3. Now the hardest part, the lower spring collar on the damper is pressed in place and is likely to be corroded. If you're lucky, you can bang on the collar to get it off. I had to put it in a hydraulic press and press it off. NOTE: When you put the collar back onto the new damper, you have to make sure it's positioned in exactly the same place, i.e. the indentation for the end of the spring will determine the orientation of the top spring mount. If you don't get it right, the 3 holes in the top bracket won't line up properly.
Reassembly is the reverse of disassembly. You'll have to press the lower collar onto the damper (remember the orientation!).
4. Make sure that the suspension is fully extended. Place the assembly and thread the top 3 nut on a couple of turns. Don't tighten them yet.
5. This part might need 2 pairs of hands. Put a jack under the bottom of the damper and compress it up into the suspension bracket. Align the holes and insert the 19mm bolt. Tighten the nut.
6. Finally, tighten the 3 nuts at the top.
Now that I've done this, I think the entire job can be done in about 4 hours. The first time through, including all the puzzlement, tool gathering, and pondering, took me 10 hours. YMMV.


----------



## adamfroelich (Jul 17, 2008)

*Re: Is a Quatro suspenion different? (rmccomiskie)*

Thank you,
I have not done anything with it yet.
You are gonna' save me around $400.
Do you have any pictures of it?


----------



## MEDEL514 (Jan 12, 2002)

*Re: Is a Quatro suspenion different? (rmccomiskie)*

Good write up rmccomiskie!
I just lowered my C4, I was able to do the fronts myself, but the rears and tie rod ends were a different story.
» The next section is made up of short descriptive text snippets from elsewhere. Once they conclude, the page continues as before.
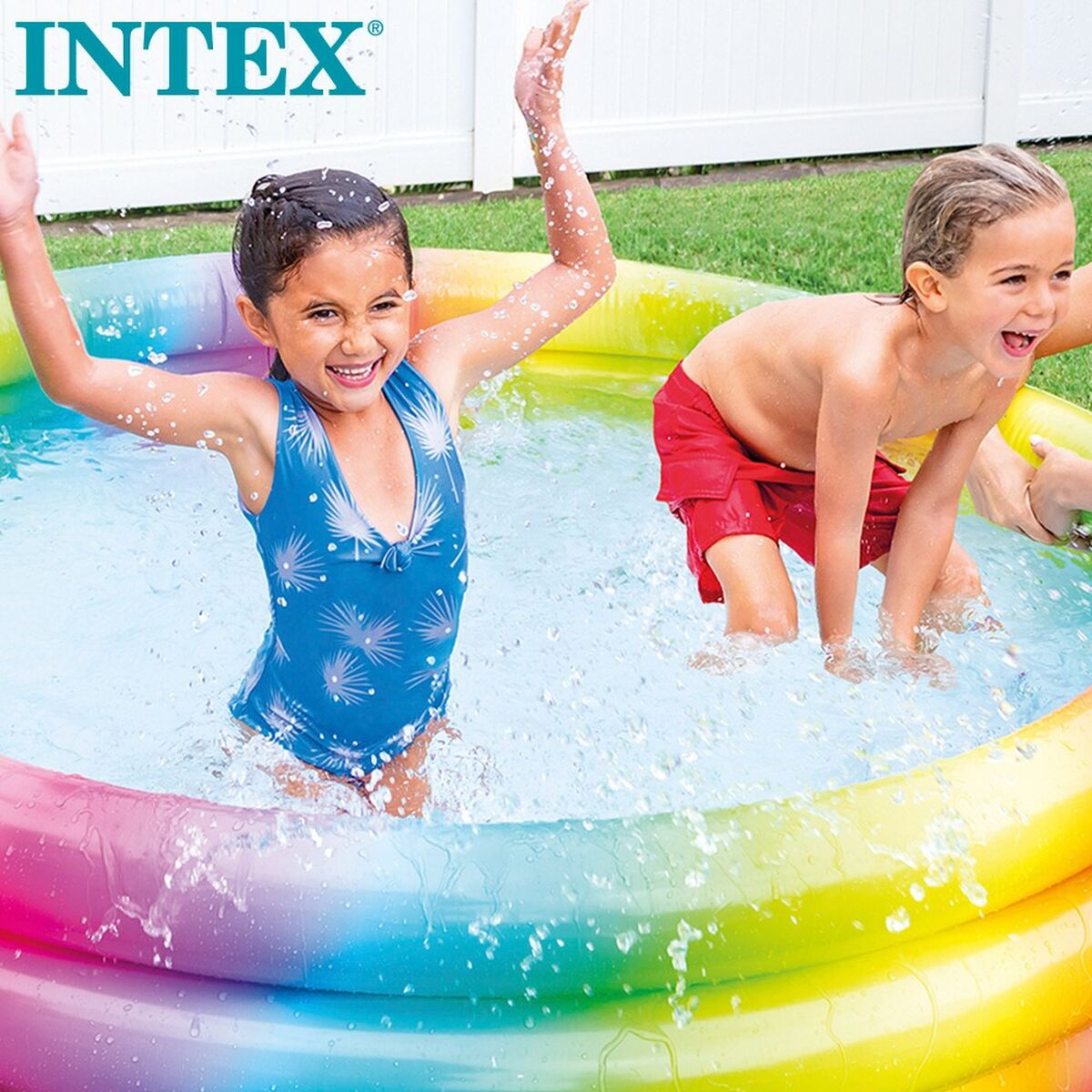Детские надувное кресло Intex Разноцветный Обруч 581 L 168 x 38 x 168 cm (6 штук)-4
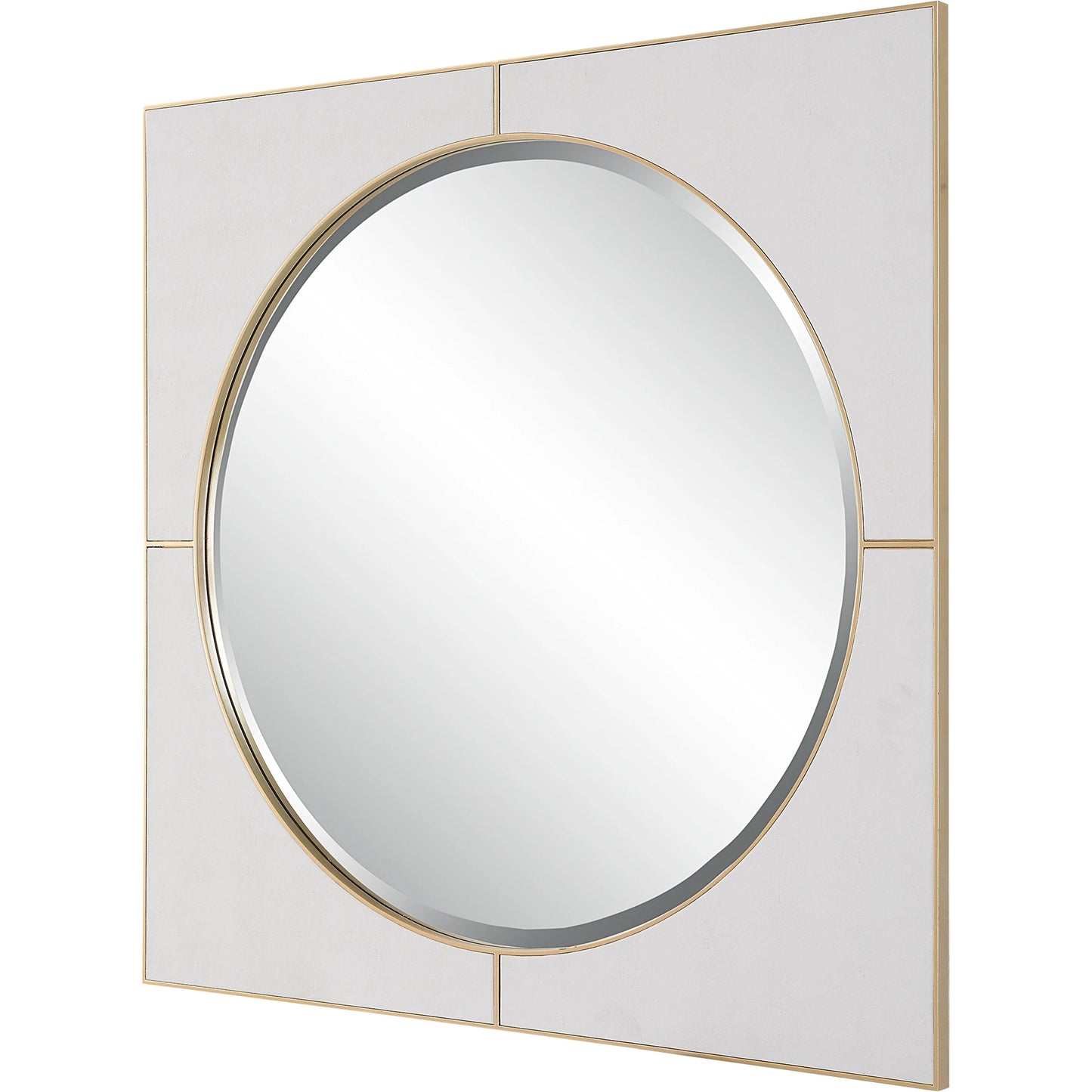 002 SI-1923604 | Primary Silo | Cyprus Square Mirror by Uttermost in gold. Made from mirror, mdf, pu leather in a modern style.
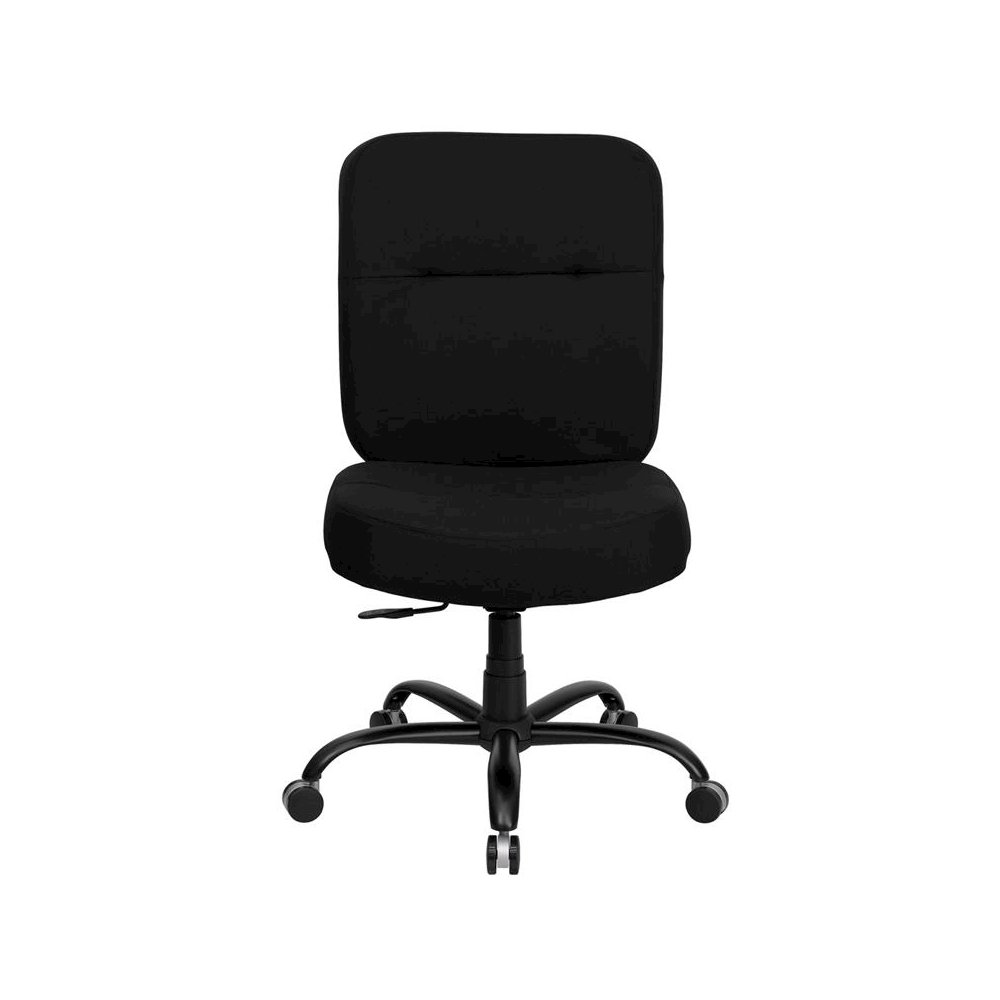 Big & Tall 400 lb. Rated Black Fabric Executive Swivel Office Chair with Back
The fronts were pretty straightforward, they just took a while because of all of the corrosion and the tension from fighting the swaybar. 
The rear assembly came off of the car very easily, but the strut nuts were corroded on so badly that I broke the tip of the strut where the 5mm allen goes in from trying to break it loose. (NOTE: I tried used a high torque impac gun, but even that just spun the strut) 
The tie rod ends were corroded on so badly that I couldn't get those broken loos either. I used penetrating oil on everything with no effect at all. 
I ended up taking it to a shop and had the rear springs, tie rod ends, and alignment done for $220. I talked to them, they ended up having to blow torch the rusty bolts/nuts to break them loose. Yeah, it was definatly worth it, saving me the headache. http://****************.com/smile/emthup.gif


----------